“Never been a better time to organize”
Check our latest stories and updates from PELRA reform to Dancing in the Streets to 1934 & Now.
Hello, friends! Hello, new subscribers! It’s been a bit since Up With the Workers has been in your inbox, and if this is the first newsletter you’re receiving—welcome!
Isa has been holding down the fort at Workday Magazine while I’ve been on a study abroad trip in Europe–more on that later.
Check out her latest stories below, and some highlights, info for Youth @ Work, and more!
How PELRA Reform has Opened the Door to New Organizing for Over 23,000 Workers at UMN
This legislative season, university workers won reform to the Public Employer Labor Relations Act (PELRA) that enables over 23,000 workers to organize into unions across the University of Minnesota (including me and Isa, who are employees of the U!)
Read more about it here: “There Has Never Been a Better Time to Organize”: How PELRA Reform has Opened the Door to New Organizing for Over 23,000 Workers at UMN.
Isa also covered the fourth annual Dancing in the Streets, held by Minneapolis sex workers and allies in early June, to commemorate International Whores Day and demand workers protections and the decriminalization of sex work. Check it out here: The 4th Annual “Dancing in the Streets” with Minneapolis Sex Workers.
1934 & Now
This year marks the 90th anniversary of the strike that made Minneapolis a union town.

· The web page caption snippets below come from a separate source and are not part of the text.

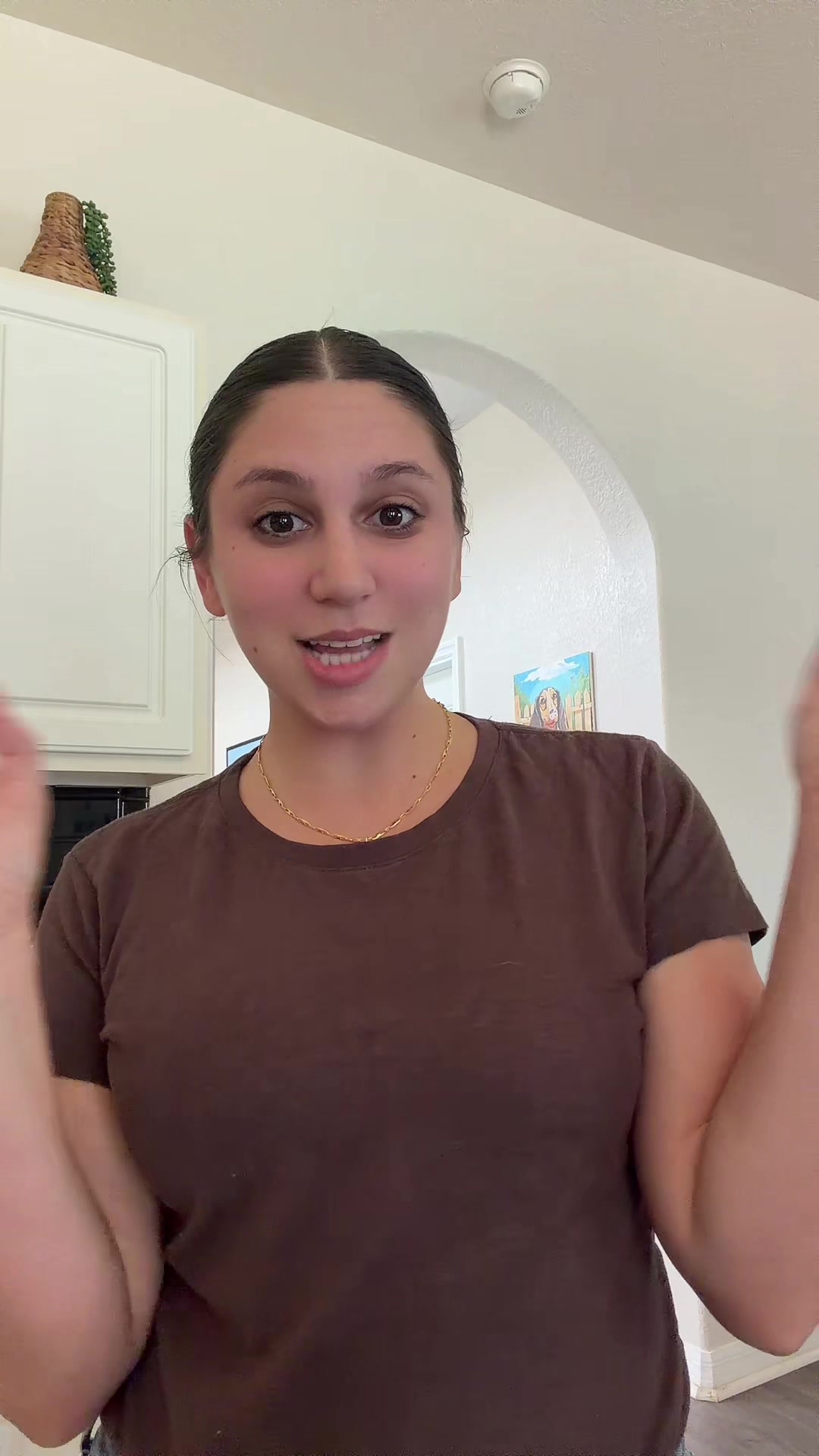 @Marisella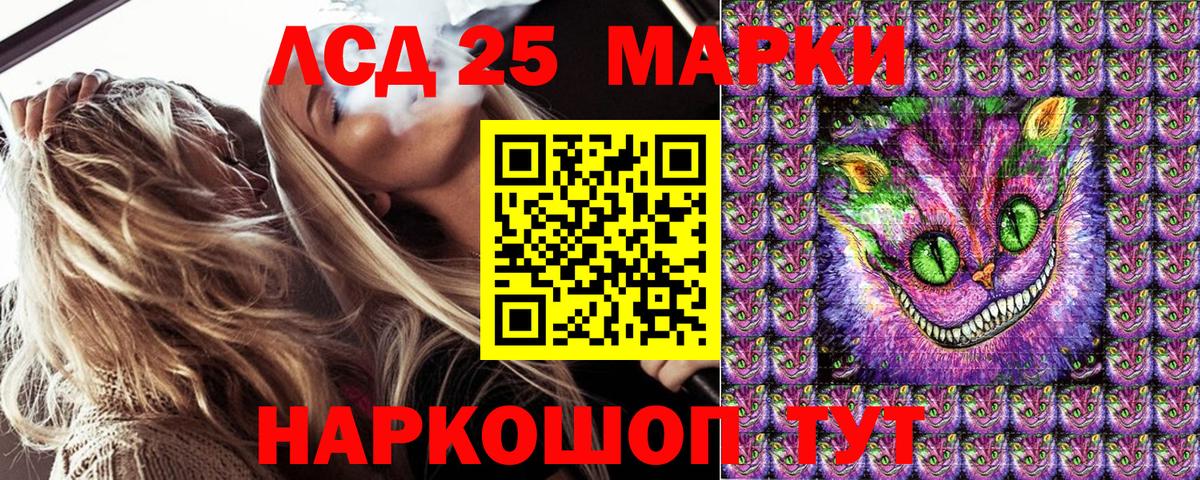 Наркотические марки 1,8мг  Наркотические марки 1,8мг  Полысаево  Вход с VPN 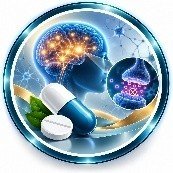 Anti-Psychotic Therapies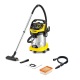 Промышленный пылесос Karcher WD 6 P Premium в Костроме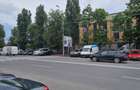 Spațiu comercial, de 12,000 mp, în Vitan - 4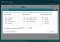 McAfee AVERT Stinger image 4 thumbnail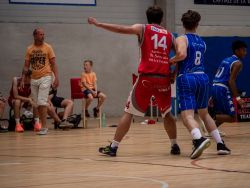 U18Reg_NA330066_005.jpg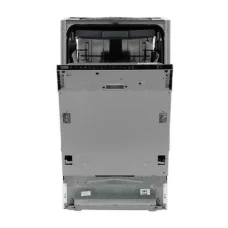 Встраиваемая посудомоечная машина Beko DIS 28124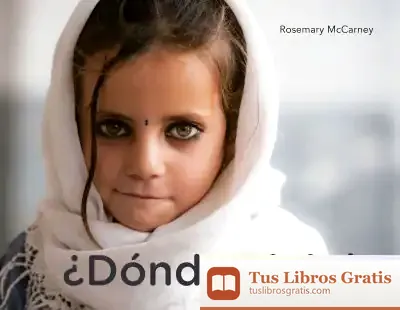 Descargar ¿Dónde Viviré?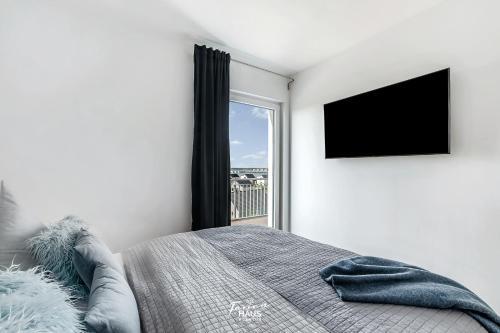 Apartamento Ostseegl�ck
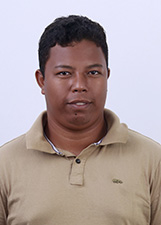 Foto oficial de JÓ DO CONJUNTO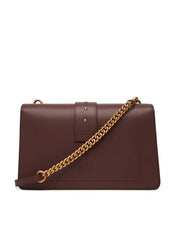 Love One Classic Pinko
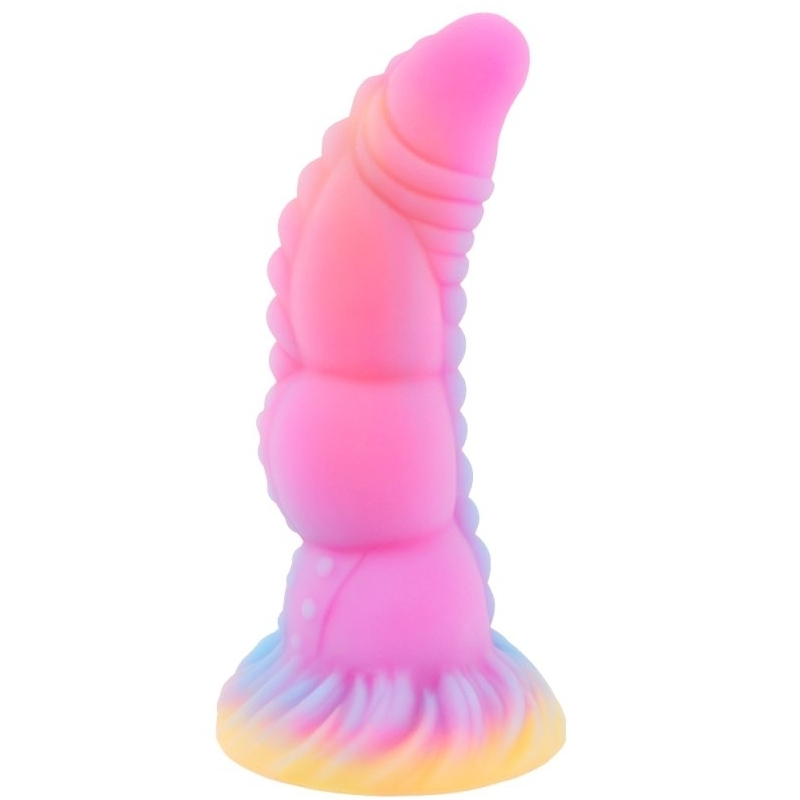 gode hydrax luminescent 18 x 6cm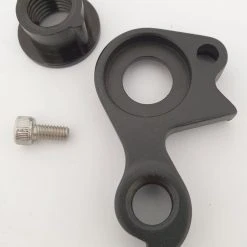 Alternative view of Bulls Ausfallende (Schaltauge) Für Sonic 2020 / 2021 / 2022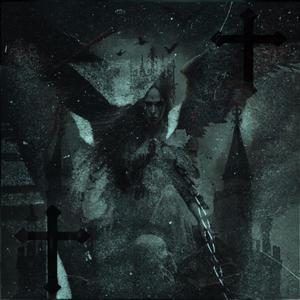 ENIGMA MORTEM (Explicit)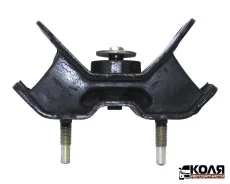 ������� ��������� ����� Toyota 5SFE 1MZFE VVTi (2 ���������) (NSTK) 1237220030 ����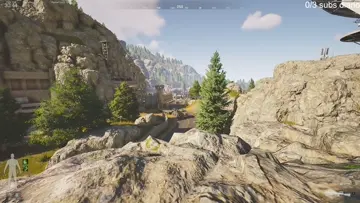 clips que no habia subido 2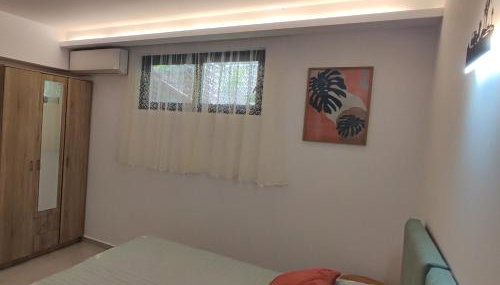 Villa Marina apartment Jasmine - Foto 5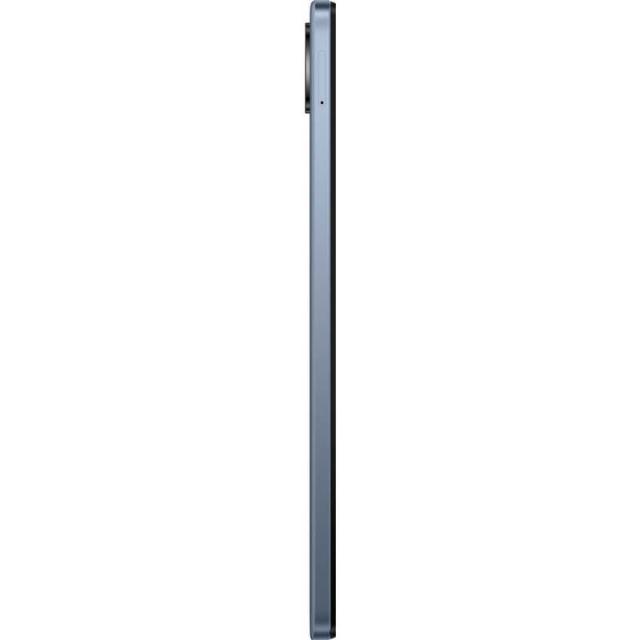 XIAOMI シャオミ　Redmi Pad SE 8.7 4＋128GB Sky Blue Sky Blue Sky Blue　VHU4990JP_9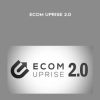 Sam Jacobs – Ecom Uprise 2.0 | Available Now !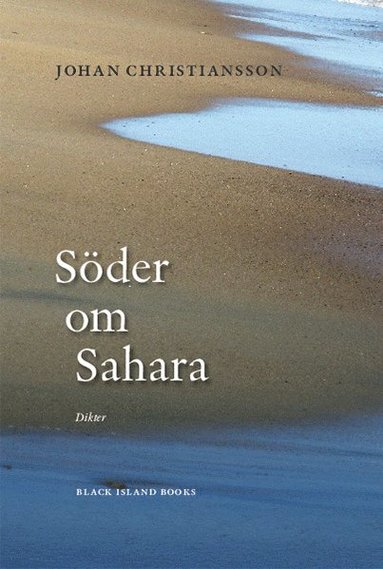Söder om Sahara (pocket)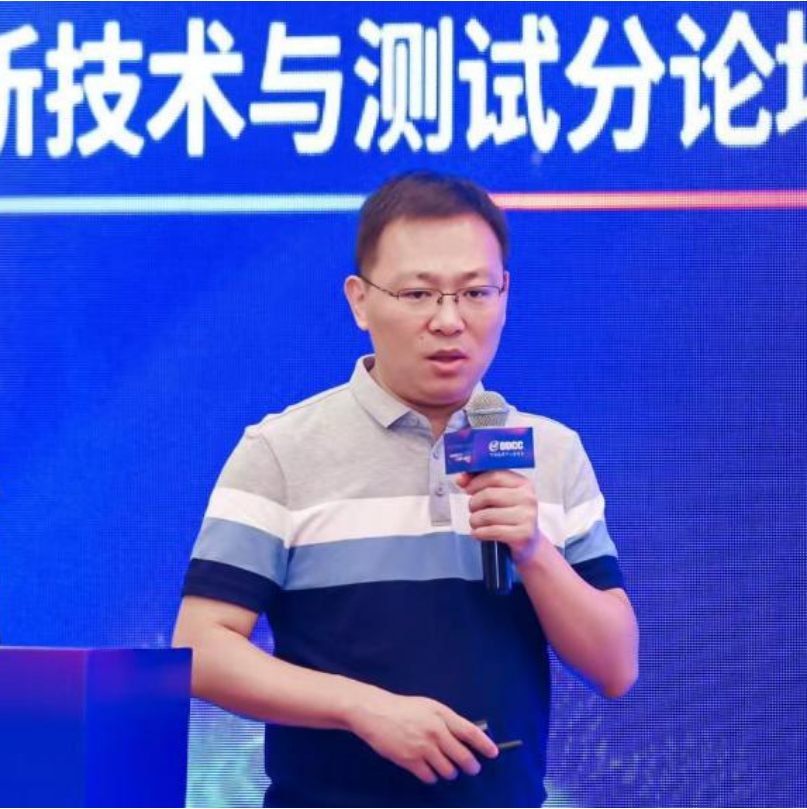微信图片_20240907171544.png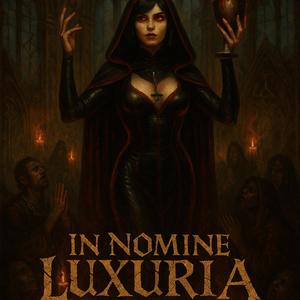Crux Venenum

If you’re making a visit to Minneapolis Central Library anytime soon, be sure to stop by the art show commemorating the Minneapolis Truckers’ Strike of 1934, organized by Remember 1934.
Each artist beautifully engaged with different aspects of the history and its legacy today: solidarity on the picket lines, capitalist greed and exploitation, fascist violence, dissent on the streets of Minnesota today, and more. Carolyn Olson, who I interviewed back in the summer of 2022 about her essential worker portrait series, painted scenes from the strike commemorating the labor of women. And Olivia Levins Holden commemorates the intersection of movements and solidarity, including the labor of truckers delivering aid to Gaza.
Another exciting part of the show is the work of Drew Peterson from Juxtaposition Arts in leading a team of ten youth artists on the installation of a mural in the North Loop of Minneapolis where the strike took place. Currently, there’s a plaque commemorating the events of Bloody Friday that Remember 1934 worked to put up in 2015.
📅 More 1934 & Now events:
This Sunday, June 23, East Side Freedom Library is screening films related to labor history and contemporary issues from 1-4pm.
On July 20, there will be a memorial wreath laying at the site of Bloody Friday at 4pm.
ESFL is also hosting a film screening and discussion on July 26.
There will be a 90th anniversary picnic on July 27 at noon at Wabun Picnic Area. We hope to see you there!
Youth @ Work
Know any high school/GED students who would like to get paid for learning about their rights at work? Attend this class on Saturday, July 13 by the Labor Education Service, the Minnesota Department of Labor and Industry, and the Minnesota AFL-CIO. For information and registration call 612-625-2394 or email williac@umn.edu.
Study abroad highlights
For three weeks, I stayed in London as part of a study abroad course where I learned about the United Kingdom and Brexit. Every day we had field trips or lectures where we learned about economics, the history of global trade, and the British empire, with a bit of working class and social justice organizing history. We went on a lot of walking tours through the city of London, but a highlight for me was our visit to the Museum of London Docklands at the Canary Wharf, a social history museum that included an exhibit on the history of sugar, the slave trade and abolition. Another highlight was a day trip to Brussels, Belgium, where we visited the European Union Parliament building just before they held an election, in which far-right parties made some gains.
Thank you for reading. Up, up with liberation!